Par conséquent, la ministre de la transition écologique, de la biodiversité et des négociations internationales sur le climat et la nature a reçu d’une sénatrice des Alpes-Maritimes une question portant sur la reconnaissance officielle des RICE comme territoires d’intérêt national, ainsi que sur l’élargissement du champ de l’arrêté aux éclairages privés.

Si l’on compare la France à d’autres États, elle figure parmi les pays les plus avancés en matière de lutte contre la pollution lumineuse. Les États réglementent principalement cette question au moyen de seuils d’éclairage, de restrictions techniques applicables aux installations lumineuses au niveau des différentes unités administratives, de réglementations techniques spécifiques (comme en Italie), ou encore par la certification de certains parcs nationaux en tant qu’« International Dark Sky Places », comme c’est notamment le cas au Japon.

Une pollution lumineuse sans frontières : le rôle des satellites

La pollution provenant de l’espace est due aux satellites qui réfléchissent la lumière du soleil.

La plupart des satellites polluent de façon « accidentelle ». En effet, les satellites sont construits à partir de matériaux qui réfléchissent la lumière du soleil, ce qui les rend souvent visibles à l’œil nu, sans qu’ils soient conçus spécifiquement pour cela. Le nombre de satellites en orbite autour de la Terre a connu une croissance exponentielle ces dernières années. En 2026, environ 15 000 satellites sont en orbite basse (low Earth orbit, ou LEO). Ils ont un impact direct sur l’astronomie professionnelle et amateur (contrairement aux satellites opérant sur d’autres orbites).

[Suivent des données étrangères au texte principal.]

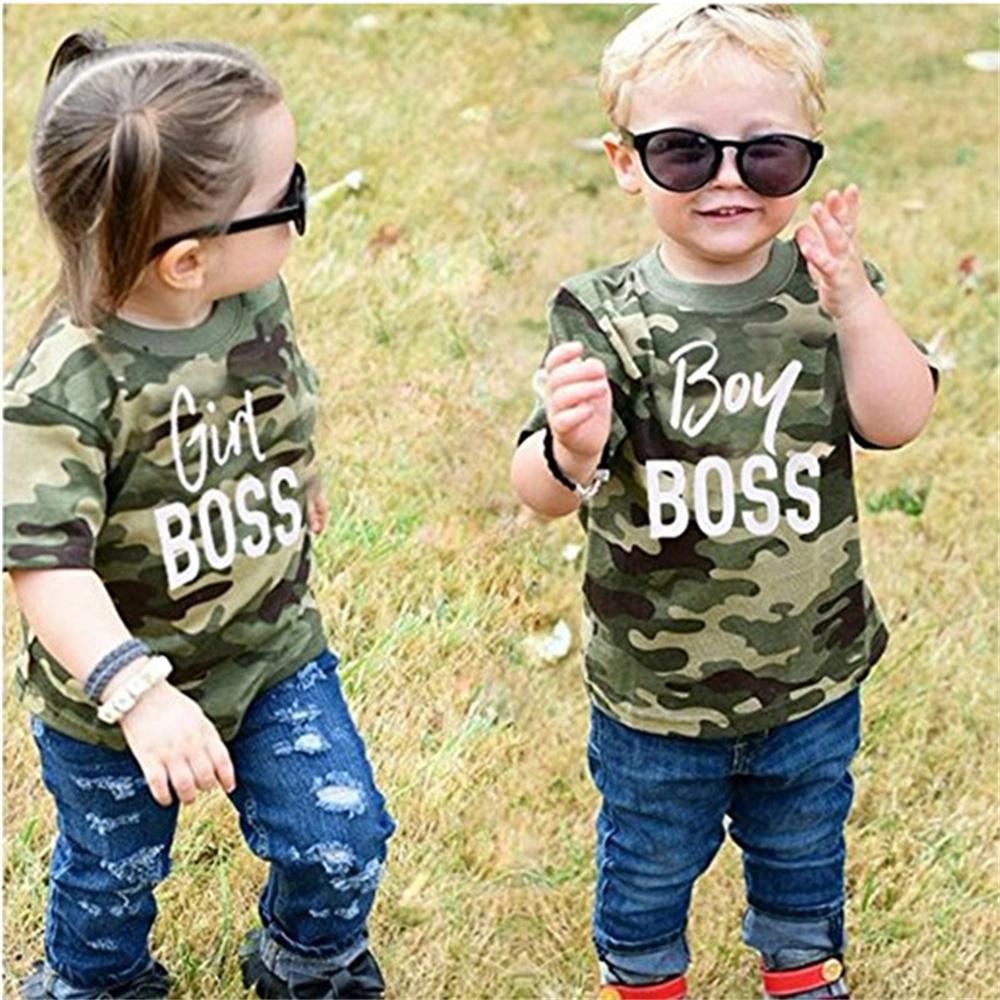 Unisex Boy Boss Girl Boss Camo Printed Short Sleeve Top & Ripped Denim Shorts quality children's clothing wholesale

L’effet combiné des satellites actuellement en orbite basse et de l’accumulation de débris spatiaux pourrait déjà entraîner une augmentation d’environ 10 % de la luminosité du ciel nocturne par rapport aux niveaux naturels.

La régulation des satellites « pollueurs accidentels »

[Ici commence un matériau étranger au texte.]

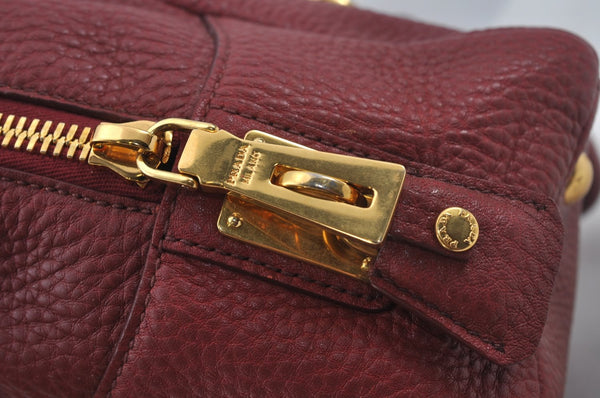 Authentic PRADA Leather Nappa Shoulder Hand Bag Red 3777J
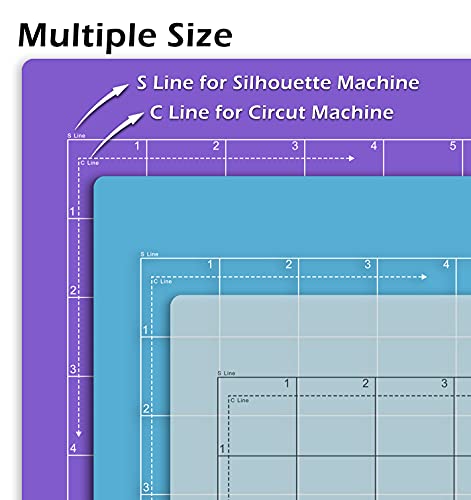 ReArt Standard Grip Cutting Mat for Silhouette Cameo 4 Packs 12\" x 24\" - Adhesive Cut Mat Replacement Set Matts Vinyl Craft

La régulation de ce domaine repose sur l’interaction entre trois catégories d’acteurs.

Les sociétés et organisations astronomiques encouragent les entreprises à coopérer et à partager leurs solutions afin de préserver les intérêts de l’astronomie. Elles incitent également les États à mettre en place des mesures incitatives visant à aider les opérateurs de satellites à développer les technologies nécessaires pour réduire au maximum les interférences avec les observations astronomiques et préserver la qualité du ciel nocturne, notamment son caractère sombre et silencieux.

Ainsi, le Centre de l’Union astronomique internationale pour la protection du ciel sombre et silencieux contre les interférences des constellations de satellites (IAU CPS) élabore notamment, en collaboration avec les opérateurs, des recommandations techniques, par exemple concernant les limites de luminosité apparente des satellites.

Il mène également des consultations avec des organisations internationales, telles que l’Union internationale des télécommunications (UIT) et le Bureau des Nations unies pour les affaires spatiales (UNOOSA), ainsi qu’avec les gouvernements nationaux, afin de favoriser la mise en œuvre des instruments existants de soft law, tels que les Best Practices for the Sustainability of Space Operations de la Space Safety Coalition, le Code of Conduct for Space Sustainability de la Global Satellite Operators Association ou encore l’ESA Zero Debris Charter.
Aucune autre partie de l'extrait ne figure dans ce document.